- _THE TASK_: Your task is to restate the listing word for word without the pictures.

__________________________________________________

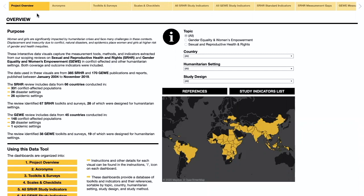Welcome to a walkthrough of these dashboards on the measurement of sexual and reproductive health and rights, gender equality, and women's empowerment in humanitarian settings. These interactive dashboards were developed with data collected from two scoping reviews and were informed by feedback from partner organizations. The dashboards serve as an inventory of measurement methods, tools, and indicators to help standardize and simplify the selection of indicators and identify measurement gaps for data collection.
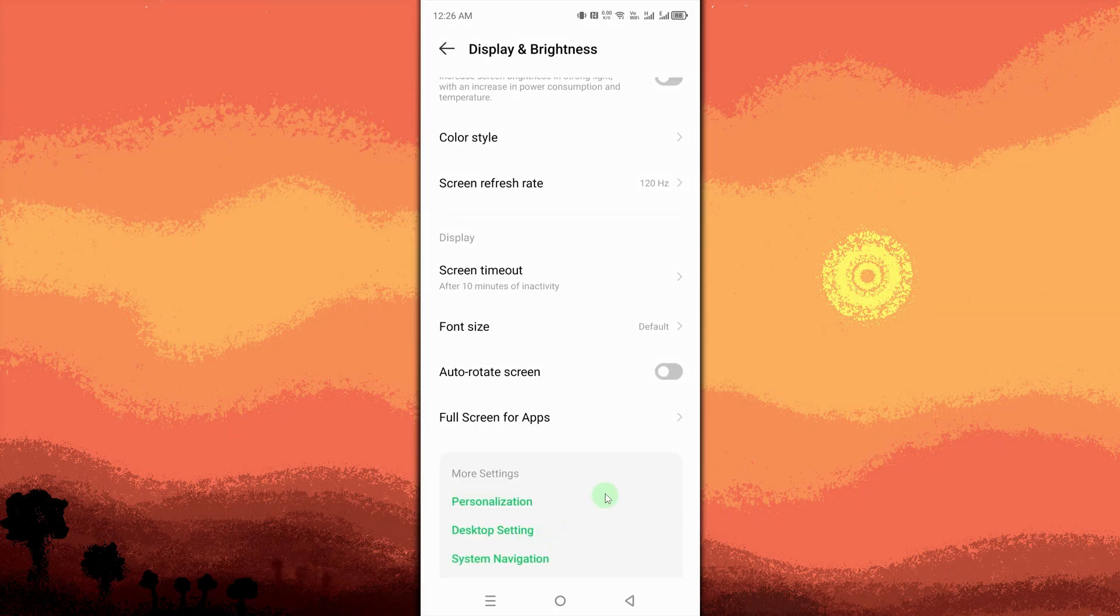Tap on Navigation Bar, Navigation Mode, or System Navigation. The name varies by device.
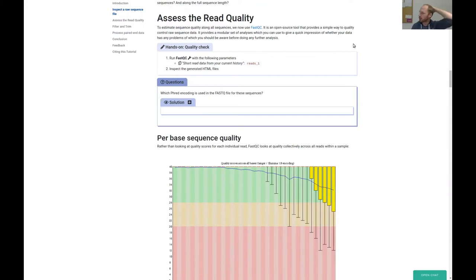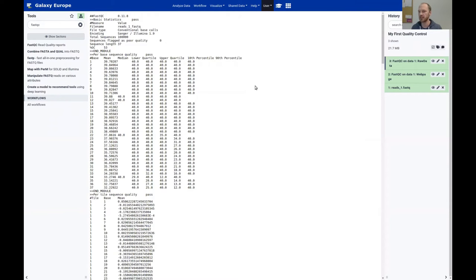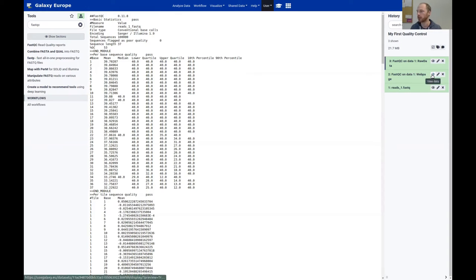Okay, let's come back. If FastQC has run, you'll see two files in your history: one web page file and one raw data file. We can look into the raw data — it's basically the raw data FastQC uses to generate the plots. If you want to see the data behind the plots, you can look into the raw data file, but this is not important for now.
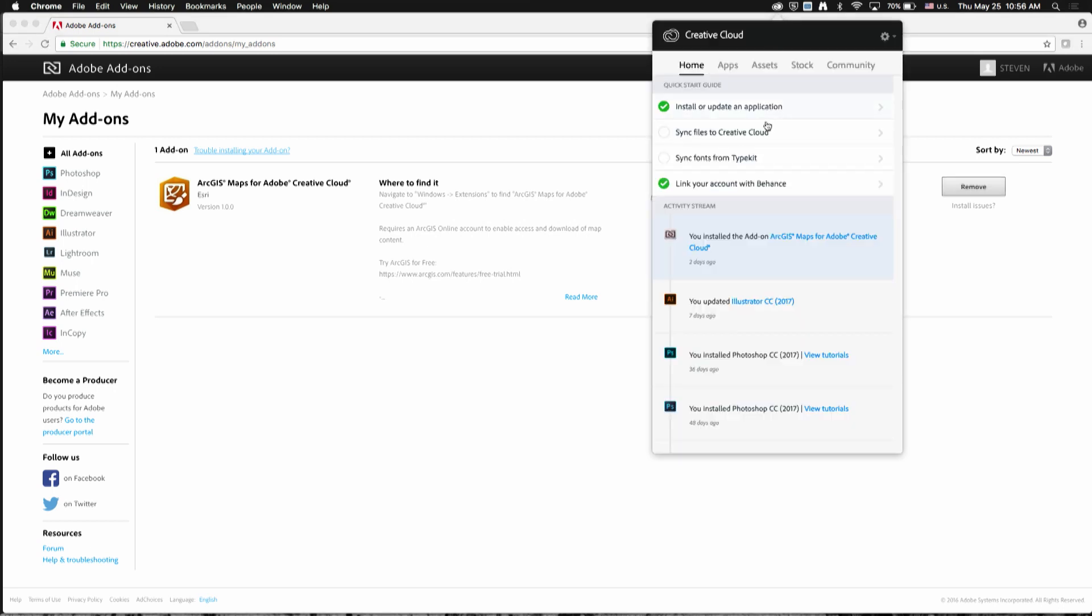After installing, you can look under the activity stream on the Creative Cloud desktop app, and you should see a message that tells you the extension was successfully installed.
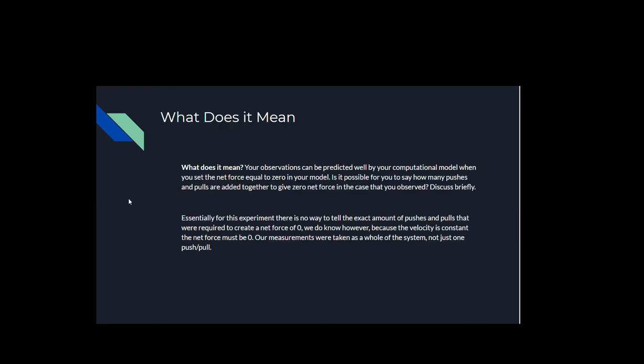Let's move on to the last question. I would say for this experiment, there's no way to tell the exact amount of pushes and pulls that were required to create a net force of zero. We do know, however, because the velocity is constant, the net force must be zero, and our measurements were taken as a whole of the system, not just one push or pull.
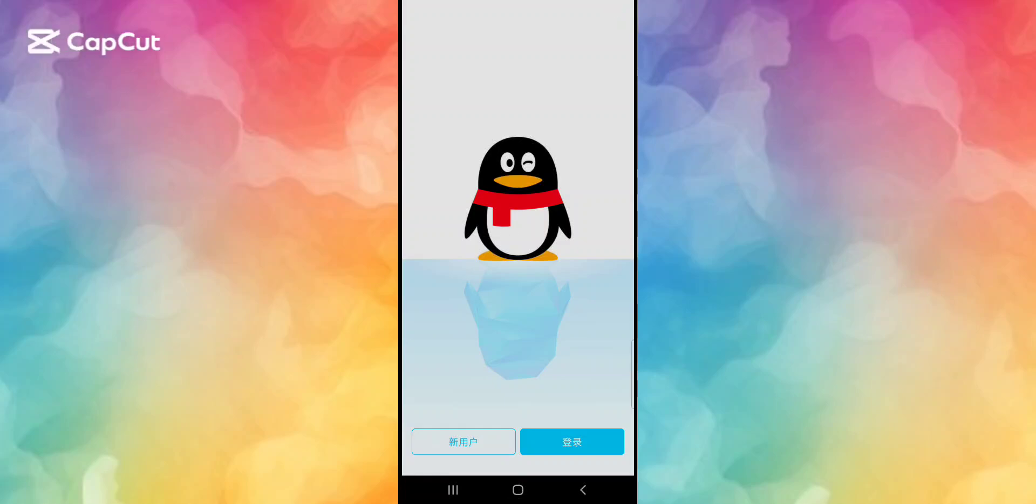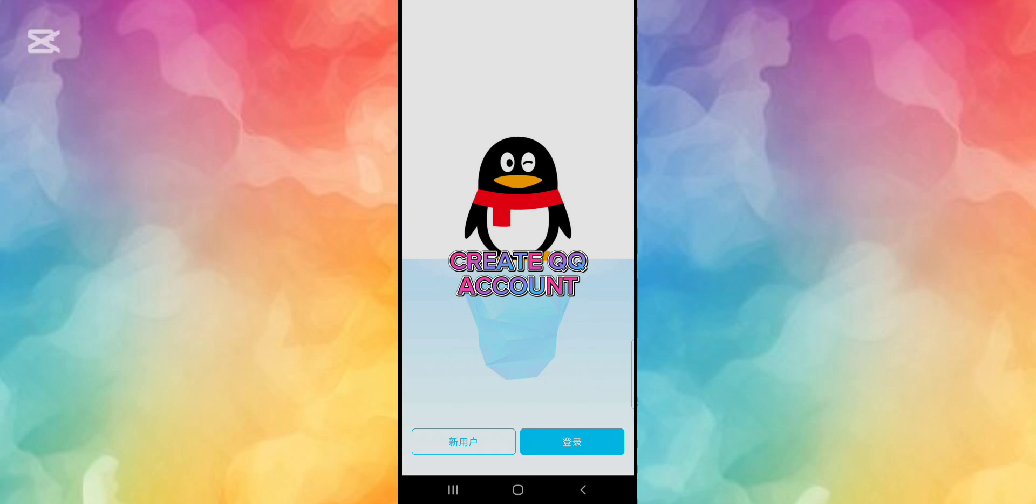Hello everyone, in today's video we're going to see how you can sign up and register on QQ application. So first of all, of course you need to download the QQ application, and once you download it, this is the screen that you'll see.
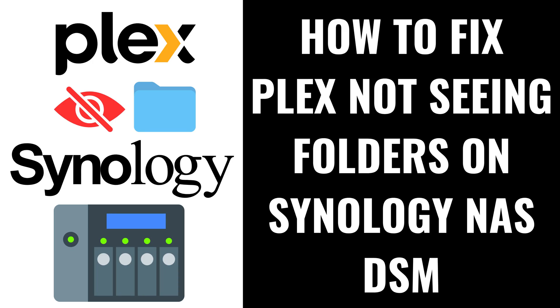I'm Max Dalton, and in this video I'll show you how to fix Plex not seeing media folders on your Synology NAS.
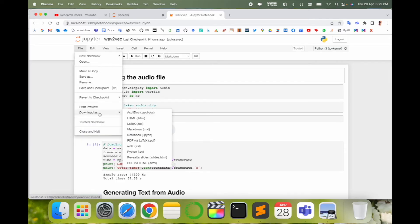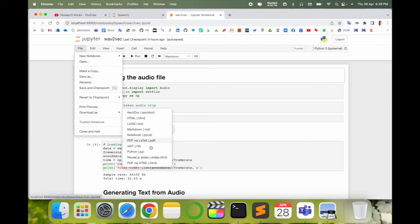Here 'Download as' - several options are available here which option you want to download, like PDF via LaTeX is also available. But I just simply download here PDF via HTML. So you just simply click here and download this particular file.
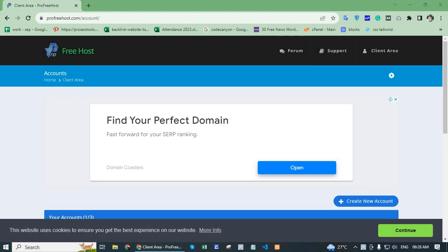Hello, in today's video I will discuss how to check PHP version in cPanel. Here I use free hosting site pro pre host. First, login your pro pre host account.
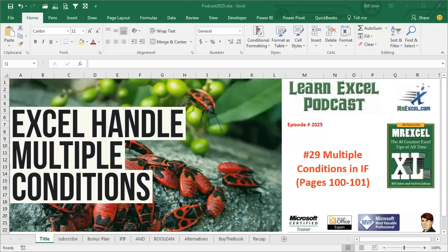Learn Excel from MrExcel Podcast, Episode 2025, Multiple Conditions in IF.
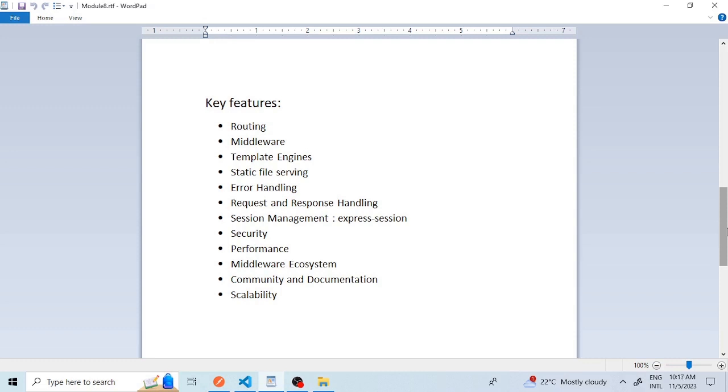The second feature is middleware. Middleware functions are an integral part of Express.js. They are functions that can be executed in the request-response cycle and they can perform tasks like logging, authentication, data validation, request processing and more. Middleware functions can be used to modify the request and response objects, terminate the request-response cycle, and pass control to the next middleware functions.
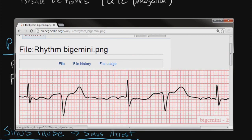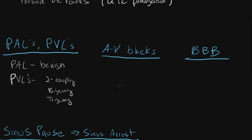This is bigeminy — you have a normal sinus rhythm and immediately after you have a premature ventricular contraction, then again a sinus rhythm and a premature ventricular contraction. If you had two sinus rhythms and then a ventricular contraction, that would be trigeminy because it happens every third beat. If you have two PVCs in a row, that's couplet — distinguished from having three PVCs in a row, which are no longer PVCs but ventricular tachycardia.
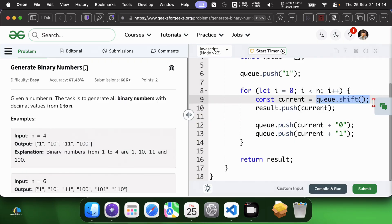Using shift on arrays in JavaScript can be an O(n) operation. For better performance with very large n, we could use a proper queue implementation with a linked list or use index pointers.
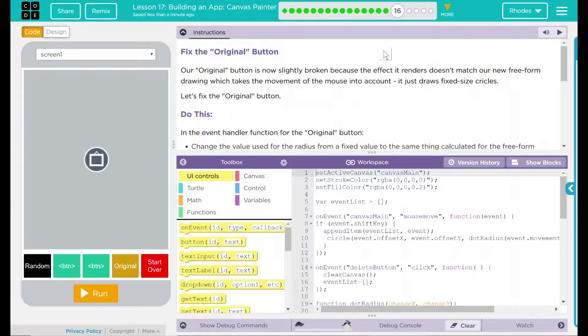Hey kids, welcome to Lesson 17, Building an App, Canvas Painter, Fixing the Original Button.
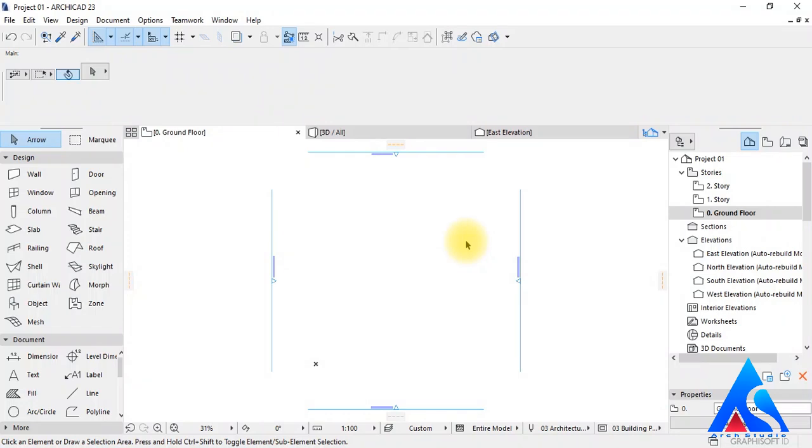Hello, today we will discuss how to import and export 2D drawings in Archicad.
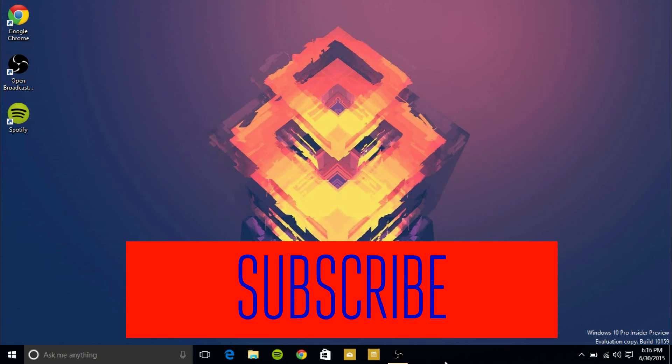That's pretty much it guys. Stay tuned for more Windows 10 coverage and subscribe and I'll see you in the next video.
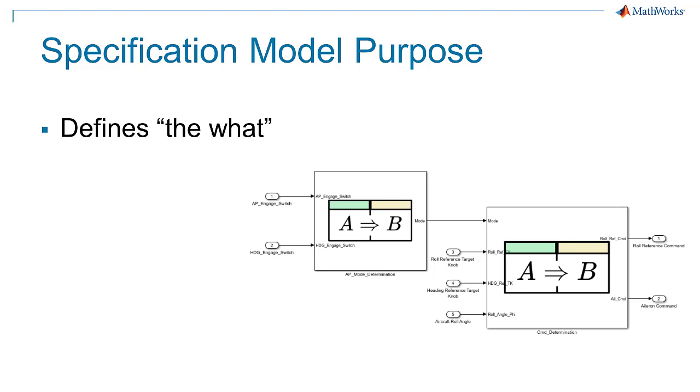Specification modeling, also known as requirements modeling, is the practice of creating models which define the expected behavior of a system.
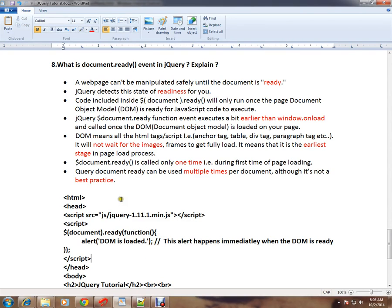Hi friends, this video is from InterviewDot.com, a job portal. Welcome to jQuery tutorial. In this video I'm going to talk about what is document.ready event in jQuery.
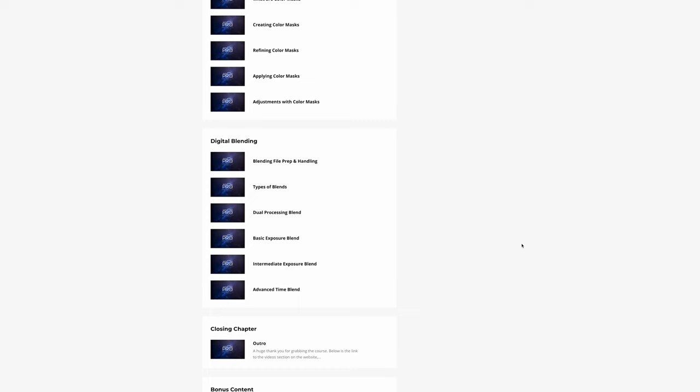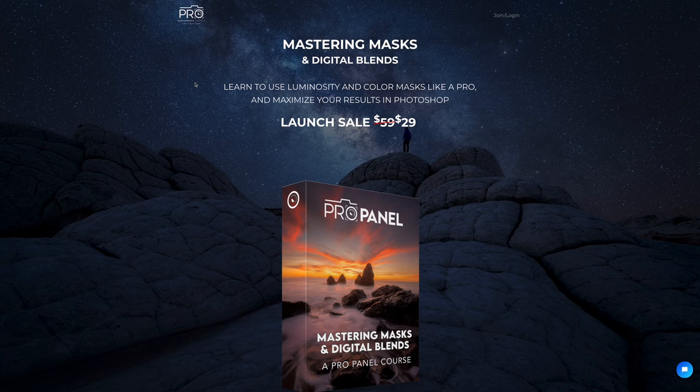I know that Photoshop and masking can be complicated, but this brand new course is going to help you to better understand using the Pro Panel and unlock new levels of creativity. Be sure to grab it during the launch to get the special half off pricing as well as the included bonus tutorials.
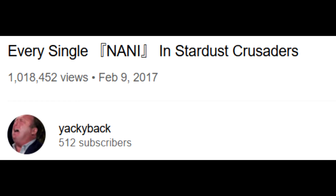Whoa, hey guys. I just wanted to say thank you so much for 1,018,452 views. Wow, what an amazing milestone.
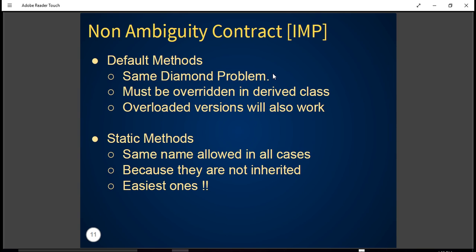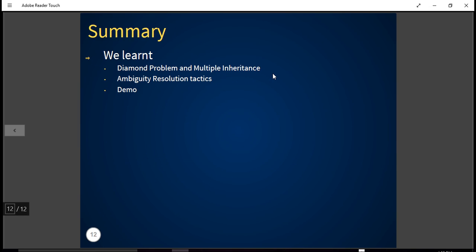These non-ambiguity contract rules are very useful. In this tutorial we discussed the diamond problem, multiple inheritance, and ambiguity resolution tactics — knowledge that is useful for certification problems or deep-diving into code. We learned these concepts and look forward to meeting you in future tutorials. Goodbye!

__________________________________________________

- _SOLUTION TO THIS TASK_:
Welcome to a walkthrough of these dashboards on the measurement of sexual and reproductive health and rights, gender equality, and women's empowerment in humanitarian settings. These interactive dashboards were developed with data collected from two scoping reviews and were informed by feedback from partner organizations. The dashboards serve as an inventory of measurement methods, tools, and indicators to help standardize and simplify the selection of indicators and identify measurement gaps for data collection.
Tap on Navigation Bar, Navigation Mode, or System Navigation. The name varies by device.
Okay, let's come back. If FastQC has run, you'll see two files in your history: one web page file and one raw data file. We can look into the raw data — it's basically the raw data FastQC uses to generate the plots. If you want to see the data behind the plots, you can look into the raw data file, but this is not important for now.
After installing, you can look under the activity stream on the Creative Cloud desktop app, and you should see a message that tells you the extension was successfully installed.
Let's move on to the last question. I would say for this experiment, there's no way to tell the exact amount of pushes and pulls that were required to create a net force of zero. We do know, however, because the velocity is constant, the net force must be zero, and our measurements were taken as a whole of the system, not just one push or pull.
Hello everyone, in today's video we're going to see how you can sign up and register on QQ application. So first of all, of course you need to download the QQ application, and once you download it, this is the screen that you'll see.
I'm Max Dalton, and in this video I'll show you how to fix Plex not seeing media folders on your Synology NAS.
Here 'Download as' - several options are available here which option you want to download, like PDF via LaTeX is also available. But I just simply download here PDF via HTML. So you just simply click here and download this particular file.
Hello, in today's video I will discuss how to check PHP version in cPanel. Here I use free hosting site pro pre host. First, login your pro pre host account.
Learn Excel from MrExcel Podcast, Episode 2025, Multiple Conditions in IF.
The second feature is middleware. Middleware functions are an integral part of Express.js. They are functions that can be executed in the request-response cycle and they can perform tasks like logging, authentication, data validation, request processing and more. Middleware functions can be used to modify the request and response objects, terminate the request-response cycle, and pass control to the next middleware functions.
This is bigeminy — you have a normal sinus rhythm and immediately after you have a premature ventricular contraction, then again a sinus rhythm and a premature ventricular contraction. If you had two sinus rhythms and then a ventricular contraction, that would be trigeminy because it happens every third beat. If you have two PVCs in a row, that's couplet — distinguished from having three PVCs in a row, which are no longer PVCs but ventricular tachycardia.
Using shift on arrays in JavaScript can be an O(n) operation. For better performance with very large n, we could use a proper queue implementation with a linked list or use index pointers.
Hey kids, welcome to Lesson 17, Building an App, Canvas Painter, Fixing the Original Button.
Hello, today we will discuss how to import and export 2D drawings in Archicad.
That's pretty much it guys. Stay tuned for more Windows 10 coverage and subscribe and I'll see you in the next video.
Specification modeling, also known as requirements modeling, is the practice of creating models which define the expected behavior of a system.
Hi friends, this video is from InterviewDot.com, a job portal. Welcome to jQuery tutorial. In this video I'm going to talk about what is document.ready event in jQuery.
I know that Photoshop and masking can be complicated, but this brand new course is going to help you to better understand using the Pro Panel and unlock new levels of creativity. Be sure to grab it during the launch to get the special half off pricing as well as the included bonus tutorials.
Whoa, hey guys. I just wanted to say thank you so much for 1,018,452 views. Wow, what an amazing milestone.
These non-ambiguity contract rules are very useful. In this tutorial we discussed the diamond problem, multiple inheritance, and ambiguity resolution tactics — knowledge that is useful for certification problems or deep-diving into code. We learned these concepts and look forward to meeting you in future tutorials. Goodbye!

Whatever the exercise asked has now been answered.